The European Central Bank has raised its deposit facility rate from 2.00% to 2.25%, marking a 0.25 percentage point increase and the institution’s first rate hike since 2023. Between mid-2024 and mid-2025, the ECB delivered eight consecutive rate cuts totaling roughly 2 percentage points. That easing cycle is now officially over.
Why the ECB is hiking again
Eurozone headline inflation recently climbed above 3%, against the ECB’s price stability target near 2%. Geopolitical tensions, particularly in the Middle East, have disrupted oil supply chains and sent energy prices surging. The knock-on effects have pushed inflation projections for 2026 upward to approximately 2.6%. Core inflation has also been ticking higher.

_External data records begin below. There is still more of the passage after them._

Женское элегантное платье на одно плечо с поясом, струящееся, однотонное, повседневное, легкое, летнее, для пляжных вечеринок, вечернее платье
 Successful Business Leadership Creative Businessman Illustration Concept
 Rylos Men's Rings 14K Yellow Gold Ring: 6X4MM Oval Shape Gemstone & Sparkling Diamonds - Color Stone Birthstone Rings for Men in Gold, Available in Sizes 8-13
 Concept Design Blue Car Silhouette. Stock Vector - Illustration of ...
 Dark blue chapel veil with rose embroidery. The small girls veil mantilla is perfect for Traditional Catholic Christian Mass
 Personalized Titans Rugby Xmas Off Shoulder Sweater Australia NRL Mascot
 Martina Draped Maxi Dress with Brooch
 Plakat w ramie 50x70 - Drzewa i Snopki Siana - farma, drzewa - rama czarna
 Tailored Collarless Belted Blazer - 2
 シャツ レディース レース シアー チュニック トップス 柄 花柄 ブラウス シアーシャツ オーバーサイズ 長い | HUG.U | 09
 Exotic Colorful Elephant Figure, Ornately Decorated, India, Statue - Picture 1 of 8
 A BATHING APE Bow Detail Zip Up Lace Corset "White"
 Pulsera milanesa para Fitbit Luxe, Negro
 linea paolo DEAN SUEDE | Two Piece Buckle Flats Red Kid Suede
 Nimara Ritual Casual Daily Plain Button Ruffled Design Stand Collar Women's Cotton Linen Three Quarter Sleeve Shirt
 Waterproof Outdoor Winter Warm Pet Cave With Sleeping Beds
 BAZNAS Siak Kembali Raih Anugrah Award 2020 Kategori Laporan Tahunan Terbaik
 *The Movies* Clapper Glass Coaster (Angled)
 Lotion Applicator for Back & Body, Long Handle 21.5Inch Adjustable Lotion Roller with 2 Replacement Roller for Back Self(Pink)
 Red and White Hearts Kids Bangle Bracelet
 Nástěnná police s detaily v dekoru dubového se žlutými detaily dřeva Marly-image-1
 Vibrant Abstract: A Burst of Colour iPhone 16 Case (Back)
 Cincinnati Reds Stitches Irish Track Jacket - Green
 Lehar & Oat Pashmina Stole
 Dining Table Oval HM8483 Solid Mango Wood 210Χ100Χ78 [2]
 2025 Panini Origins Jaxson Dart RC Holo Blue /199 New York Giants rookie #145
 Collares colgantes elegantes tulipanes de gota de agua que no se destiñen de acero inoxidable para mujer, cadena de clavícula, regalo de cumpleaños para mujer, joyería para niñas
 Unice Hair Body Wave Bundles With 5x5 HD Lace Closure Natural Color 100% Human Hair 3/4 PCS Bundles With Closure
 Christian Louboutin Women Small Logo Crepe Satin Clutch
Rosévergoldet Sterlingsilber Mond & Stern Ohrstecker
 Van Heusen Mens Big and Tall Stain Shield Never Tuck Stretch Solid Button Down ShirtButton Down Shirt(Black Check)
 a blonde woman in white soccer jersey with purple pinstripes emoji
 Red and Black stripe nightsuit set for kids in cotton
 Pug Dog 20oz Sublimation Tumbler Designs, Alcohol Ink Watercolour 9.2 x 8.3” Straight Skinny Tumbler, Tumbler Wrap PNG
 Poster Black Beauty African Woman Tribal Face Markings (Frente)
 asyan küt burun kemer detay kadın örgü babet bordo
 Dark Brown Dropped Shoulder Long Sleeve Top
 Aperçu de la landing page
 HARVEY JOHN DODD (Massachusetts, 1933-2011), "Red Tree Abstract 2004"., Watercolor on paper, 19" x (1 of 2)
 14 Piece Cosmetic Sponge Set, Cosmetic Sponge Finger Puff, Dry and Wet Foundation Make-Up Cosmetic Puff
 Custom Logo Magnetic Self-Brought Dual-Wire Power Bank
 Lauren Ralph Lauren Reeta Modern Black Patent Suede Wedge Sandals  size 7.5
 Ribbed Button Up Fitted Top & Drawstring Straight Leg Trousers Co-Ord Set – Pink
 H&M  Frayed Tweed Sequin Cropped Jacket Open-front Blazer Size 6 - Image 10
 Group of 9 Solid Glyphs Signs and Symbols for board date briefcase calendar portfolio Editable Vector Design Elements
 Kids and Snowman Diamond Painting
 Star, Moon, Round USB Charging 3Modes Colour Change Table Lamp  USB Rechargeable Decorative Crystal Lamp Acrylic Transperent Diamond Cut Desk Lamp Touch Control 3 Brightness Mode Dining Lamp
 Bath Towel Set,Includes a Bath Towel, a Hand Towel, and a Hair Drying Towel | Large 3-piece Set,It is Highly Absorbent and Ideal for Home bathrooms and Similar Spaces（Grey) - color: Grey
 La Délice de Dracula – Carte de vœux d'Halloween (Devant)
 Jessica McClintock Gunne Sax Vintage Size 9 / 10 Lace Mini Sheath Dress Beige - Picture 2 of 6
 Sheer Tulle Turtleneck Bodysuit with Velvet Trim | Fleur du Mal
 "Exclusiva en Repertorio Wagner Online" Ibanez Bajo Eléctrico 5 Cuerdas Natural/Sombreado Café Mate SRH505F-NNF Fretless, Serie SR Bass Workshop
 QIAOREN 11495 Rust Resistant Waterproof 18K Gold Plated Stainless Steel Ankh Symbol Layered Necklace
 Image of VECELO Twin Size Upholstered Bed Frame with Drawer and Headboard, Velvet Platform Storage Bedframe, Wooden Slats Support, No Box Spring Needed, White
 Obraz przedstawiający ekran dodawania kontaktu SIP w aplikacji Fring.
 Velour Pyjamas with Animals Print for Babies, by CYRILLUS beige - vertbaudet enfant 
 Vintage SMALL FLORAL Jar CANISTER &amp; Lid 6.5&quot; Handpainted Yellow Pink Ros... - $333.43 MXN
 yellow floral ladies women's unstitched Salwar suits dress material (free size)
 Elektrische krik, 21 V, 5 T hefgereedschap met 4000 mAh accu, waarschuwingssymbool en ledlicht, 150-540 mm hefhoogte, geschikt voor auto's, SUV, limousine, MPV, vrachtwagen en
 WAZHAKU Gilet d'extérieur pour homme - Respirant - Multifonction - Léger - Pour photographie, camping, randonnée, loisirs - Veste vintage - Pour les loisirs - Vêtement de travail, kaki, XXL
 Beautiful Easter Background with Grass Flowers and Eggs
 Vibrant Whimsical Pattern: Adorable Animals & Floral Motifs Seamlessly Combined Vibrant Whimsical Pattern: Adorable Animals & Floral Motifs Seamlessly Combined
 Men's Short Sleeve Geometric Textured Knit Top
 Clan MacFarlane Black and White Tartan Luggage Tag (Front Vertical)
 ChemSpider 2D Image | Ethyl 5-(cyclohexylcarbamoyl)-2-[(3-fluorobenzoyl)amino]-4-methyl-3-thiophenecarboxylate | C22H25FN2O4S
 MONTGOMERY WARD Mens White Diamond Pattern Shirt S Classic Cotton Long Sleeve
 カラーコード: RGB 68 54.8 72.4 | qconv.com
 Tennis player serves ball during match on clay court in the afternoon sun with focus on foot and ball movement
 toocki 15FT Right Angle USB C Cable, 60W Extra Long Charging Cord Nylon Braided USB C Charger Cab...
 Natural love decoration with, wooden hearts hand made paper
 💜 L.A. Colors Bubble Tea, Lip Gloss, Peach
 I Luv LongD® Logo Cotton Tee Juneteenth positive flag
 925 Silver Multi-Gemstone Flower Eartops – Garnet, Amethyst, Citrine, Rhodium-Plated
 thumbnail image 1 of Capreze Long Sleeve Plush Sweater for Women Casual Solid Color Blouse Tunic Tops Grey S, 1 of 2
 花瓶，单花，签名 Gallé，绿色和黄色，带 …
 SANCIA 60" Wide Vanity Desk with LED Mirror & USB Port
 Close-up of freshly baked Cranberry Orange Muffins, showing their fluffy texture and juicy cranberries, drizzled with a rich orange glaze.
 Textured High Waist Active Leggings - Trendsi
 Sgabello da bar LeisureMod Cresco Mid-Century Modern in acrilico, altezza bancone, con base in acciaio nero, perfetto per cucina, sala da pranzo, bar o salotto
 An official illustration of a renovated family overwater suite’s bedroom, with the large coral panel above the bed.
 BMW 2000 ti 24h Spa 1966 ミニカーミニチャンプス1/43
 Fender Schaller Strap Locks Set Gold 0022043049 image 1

ECB President Christine Lagarde is set to address the public following the decision. Market pricing had already priced this move in with near-certainty, with traders assigning close to 100% probability to the 25-basis-point hike heading into the meeting. Expectations for a follow-up increase in September are building.
What this means for crypto investors
Higher interest rates reduce liquidity in the financial system. When eurozone savings instruments start paying more, the opportunity cost of holding Bitcoin or any other non-yielding asset goes up. During the ECB’s prior tightening cycle in 2022-2023, crypto markets experienced significant drawdowns.
If the ECB follows through with another hike in September, as markets currently expect, the cumulative tightening could begin to weigh on eurozone growth more visibly alongside persistent inflation. For crypto investors, capital inflows tend to slow and leverage gets more expensive during tightening cycles.